[[ Data section open ]]

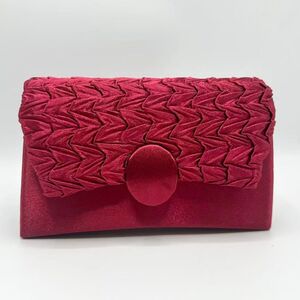 Pochette soirée à effet satiné avec rabat plissé fermeture aimantée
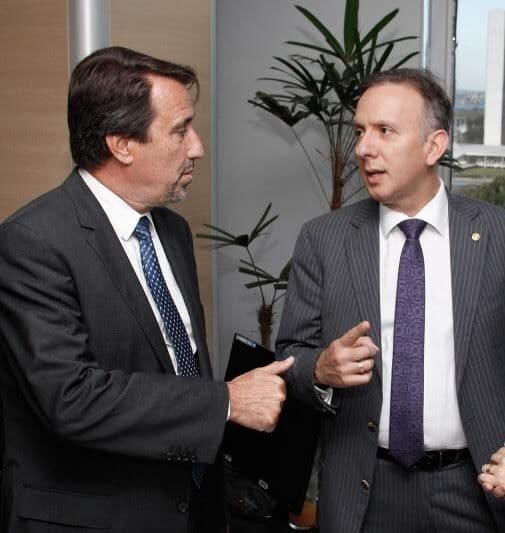 Aguinaldo Ribeiro solicita à Caixa Econômica Federal investimentos para a Paraíba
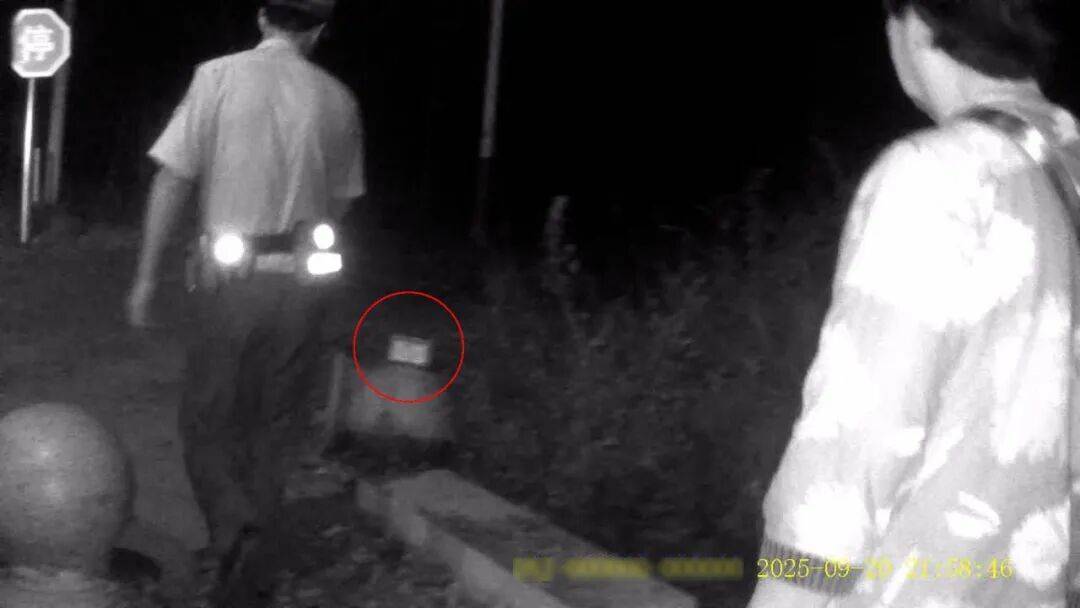 北京一老人夜晚打车到20多公里外,要把钱埋土里,司机紧急报警!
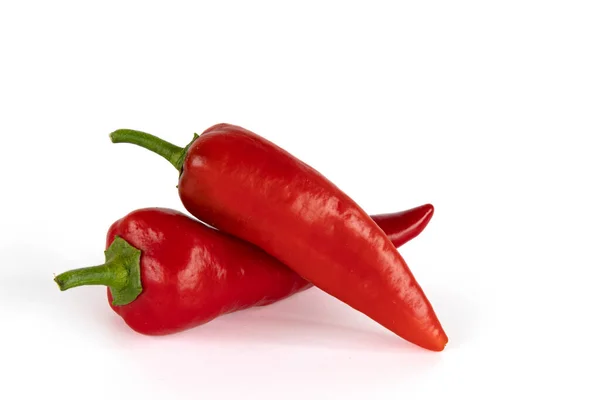 Twee Rode Chili Pepers Geïsoleerd Witte Achtergrond Lange Zoete Pepers — Stockfoto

[[ Data section closed ]]

How to complete this task ▸ The answer should consist only of the lines from the line with "Aguinaldo Ribeiro solicita" through the last line of the data, repeated exactly; pictures stay out.

Answer space ▸
 Aguinaldo Ribeiro solicita à Caixa Econômica Federal investimentos para a Paraíba
 北京一老人夜晚打车到20多公里外,要把钱埋土里,司机紧急报警!
 Twee Rode Chili Pepers Geïsoleerd Witte Achtergrond Lange Zoete Pepers — Stockfoto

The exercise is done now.